Genna, Dan, Yarri and the cat travel the moonroad the old woman told them to seek.
We had barely caught our breaths than the cat said, “And now Coldfall,” and something in my heart contracted at the sight of the red sparks that spun around him, brightening and tightening until they coalesced into a terrifying spiral.
“I don’t want to,” Yarri whispered. Dan clutched my hand, and I grabbed Yarri’s arm, and I dragged the three of us forward and into that spiral before the road could slide away from us. And before I lost my courage.
Things moved around us as we fell. Creatures, shadows, glowing eyes that stared at us in bodiless pairs.
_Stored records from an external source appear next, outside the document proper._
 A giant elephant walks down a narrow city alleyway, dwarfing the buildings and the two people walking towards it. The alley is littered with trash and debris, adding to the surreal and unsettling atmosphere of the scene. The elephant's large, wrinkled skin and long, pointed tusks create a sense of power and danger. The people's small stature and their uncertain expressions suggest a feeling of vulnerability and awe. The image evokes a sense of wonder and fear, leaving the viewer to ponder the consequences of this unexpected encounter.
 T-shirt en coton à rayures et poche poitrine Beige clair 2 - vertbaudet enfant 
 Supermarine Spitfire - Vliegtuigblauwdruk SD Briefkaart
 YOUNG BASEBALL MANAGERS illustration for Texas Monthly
Broken people, twisted animals. Monsters. They slid past us or dropped behind us as we raced by, and some of them opened mouths and screamed without sound, and others reached out to try to grab us, though their hands slid through us as if either they or we were made of nothing but smoke.
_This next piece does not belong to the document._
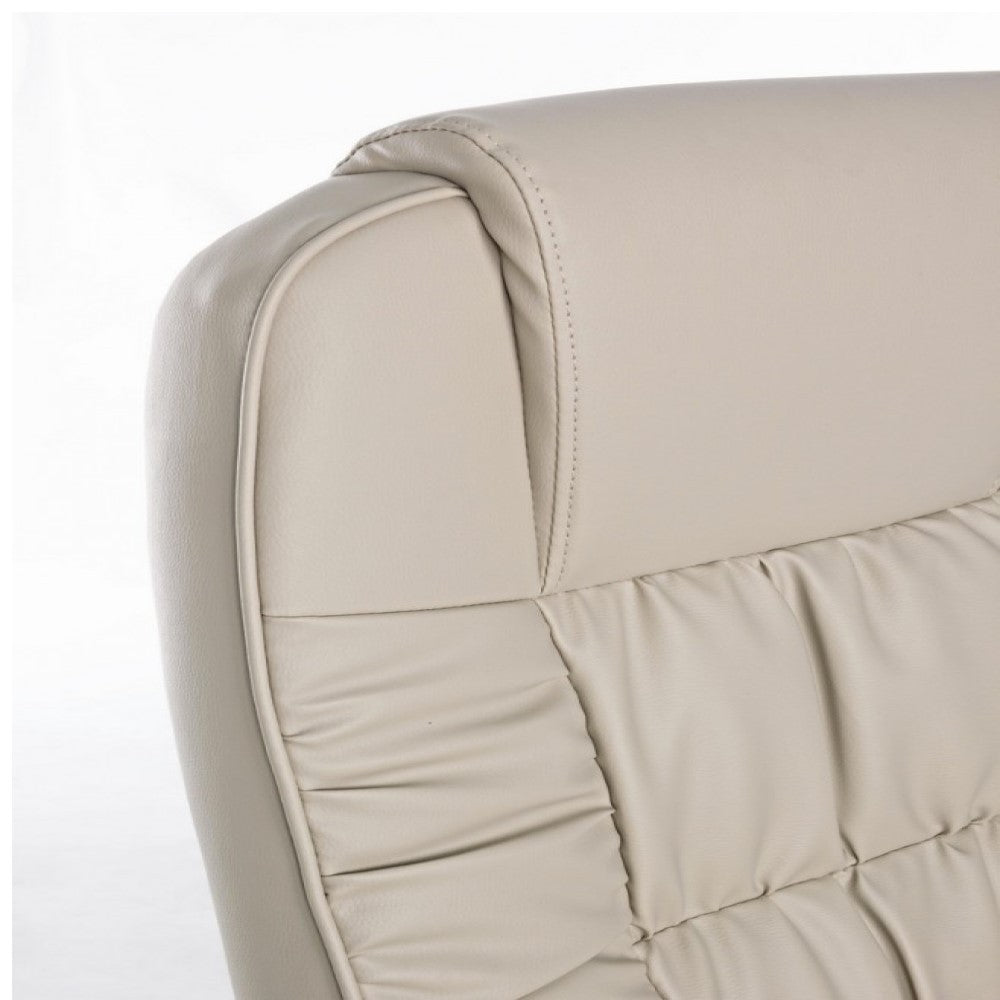 Fauteuil de bureau en éco-cuir gris tourterelle Dehli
And some saw us and laughed, and even though I could no more hear the laughter than the screams, it was somehow worse. It was as if they knew—absolutely knew—what was about to happen to us.
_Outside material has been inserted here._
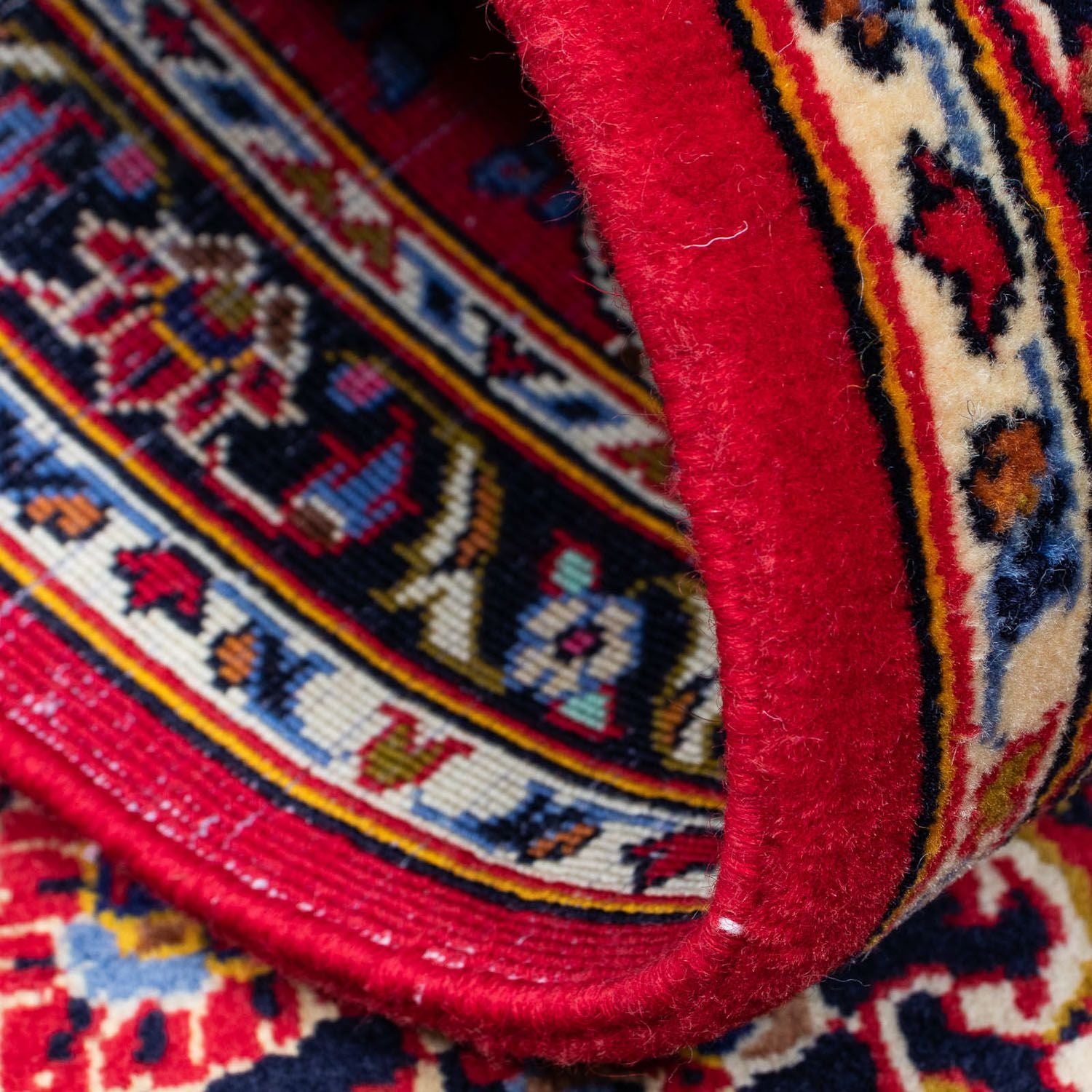 Alfombra persa - Keshan - 129 x 71 cm - rojo oscuro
I yearned for wings, or a way off the road. I wished Dan still had Papa’s sword.
I tried to breathe, but my terror clogged my throat. Hands grasping, and eyes staring, and shadows wrapping themselves around the three of us and trying to slip inside, as if they wanted our bodies to wear like coats.
We crashed out of the road, all three of us feeling filthy and ill-used, and the cat landed in a heap on us, hissing and spitting and with his claws out.
“Up, quickly,” he said. “The old woman said this was the way, though I didn’t want to believe her. This way, though, nothing good lies between her and what we seek.” He got to his feet, and stared over my shoulder, and puffed himself to twice his size.
“Run,” he whispered.
We did not look behind us. I could feel something there. Something big. Wet-mouthed. Hungry. I could hear the moist noises of its movement. I got to my feet and bolted after the cat that streaked away from us, and Dan followed me, and I hoped that Yarri followed him. I could not hear her when she ran, so I did not know, and I feared that if I looked behind to check on her, I’d see the thing making those wet, crunching, smacking sounds….and then Dan passed me and Yarri shot past Dan and I was the one at the back.